Responses to the investigation also rippled across Latin America, where the attorney general’s office in Panama pledged to examine ICIJ’s findings and former presidents of Peru and Ecuador took to Twitter to defend their records.

In Panama, ICIJ’s partners at La Prensa revealed undisclosed payments linked to the Panama City metro and Tocumen International Airport, as well as more than $16 million paid to a recipient known only by the codename Cachaça.

In a statement issued in response to the Bribery Division’s findings, Panama’s attorney general’s office, known as the Public Ministry, said it needed more time to fully investigate the Odebrecht case, including the new revelations.

“Anti-corruption prosecutors are carefully analyzing the new journalistic data,” the Public Ministry said.

In Peru, reporters at IDL-Reporteros and Convoca uncovered more than $3 million in secret payments related to the massive gas pipeline Gasoducto Sur, which was approved under the administration of former President Ollanta Humala.
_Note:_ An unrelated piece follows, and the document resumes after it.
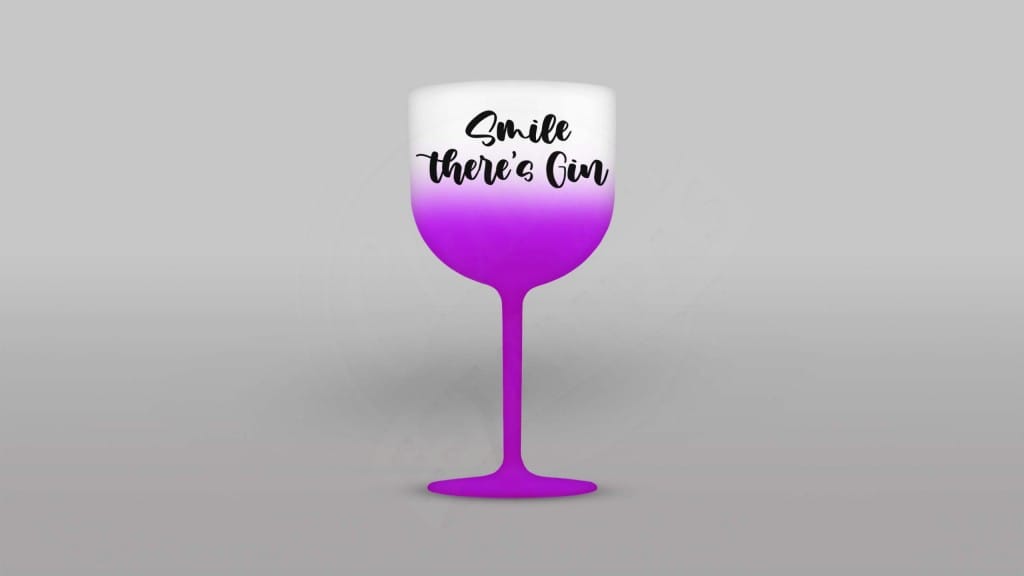 TAÇA DE GIN SMILE THERE S GIN-749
Humala spoke out on Twitter to defend his administration’s actions.

“My government created for the first time a clause in the Gasoducto project safeguarding the right of the state to rescind the contract if corruption is discovered,” Humala wrote. “This should be investigated.”
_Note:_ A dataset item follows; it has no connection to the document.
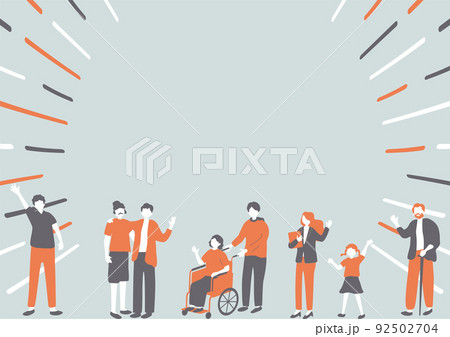 ダイバーシティ 多様な人々 ダイバーシティ 多様な人々 92502704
Humala was indicted in May on charges of Odebrecht-related corruption, and prosecutors are seeking a 20-year prison sentence.
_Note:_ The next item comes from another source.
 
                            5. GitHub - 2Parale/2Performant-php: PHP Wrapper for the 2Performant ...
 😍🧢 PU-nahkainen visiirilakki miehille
In Ecuador, ICIJ’s partners at La Posta and El Universo revealed emails by employees in Odebrecht’s bribery unit discussing payments associated with the Quito Metro and a highway called the Ruta Viva, two high profile public works projects that had escaped inclusion in previous Odebrecht-related criminal cases in Ecuador.

The records suggest that a confession to prosecutors by José Conceição dos Santos, Odebrecht’s former chief of operations in Ecuador, may not have been complete. Dos Santos’ testimony was crucial in securing the corruption conviction of former Ecuadorian Vice President Jorge Glas, who is currently serving a 6-year prison sentence.

Former Ecuadorian president Rafael Correa took to Twitter to criticize dos Santos and claim vindication for Glas, who served as his vice president and is his close political ally.

“This is very serious. Santos lied and manipulated information,” wrote Correa. “Jorge Glas should be set free tomorrow!”

In the Dominican Republic, ICIJ’s partners at Noticias SIN uncovered more than $39 million in hidden payments linked to the Punta Catalina coal power plant, despite two official investigations that found no evidence of wrongdoing on the project.

Civil society group Participación Ciudadana and a political movement known as Bien Común demanded answers from President Danilo Medina, alleging that his government had failed to properly investigate because the scandal had occurred on his watch.

“It is unacceptable for President Medina to stay silent and pretend that nothing has happened here and that his government has nothing to do with this corruption scandal,” said Participación Ciudadana, which is the Dominican chapter of Transparency International, in a statement.

For its part, Odebrecht issued a statement insisting that it had been fully transparent with law enforcement agencies, and that not all payments revealed by ICIJ from the records of its infamous Division of Structured Operations were bribes.

“All of the documents and testimonies about past events, including the full records of the platforms Drousys and My Web Day from the defunct Division of Structured Operation, have been in the possession of the Brazilian Public Ministry and the U.S Department of Justice for three years,” the company said.

The company’s statement appeared to attribute the responsibility for the lack of law enforcement actions related to the payments uncovered by ICIJ to prosecutors in the countries where the payments were made.

Jessica Tillipman, an assistant dean at George Washington University Law School who specializes in anti-corruption issues, said that lack of follow-up by national prosecutors reveals a gap in the global legal system that allows corruption to persist. 

“We have these really powerful statutes like the Foreign Corrupt Practices Act,” Tillipman said, referring to the anti-bribery law used to secure Odebrecht’s plea agreement in the United States. “But if governments aren’t prosecuting their own officials, it doesn’t stop.”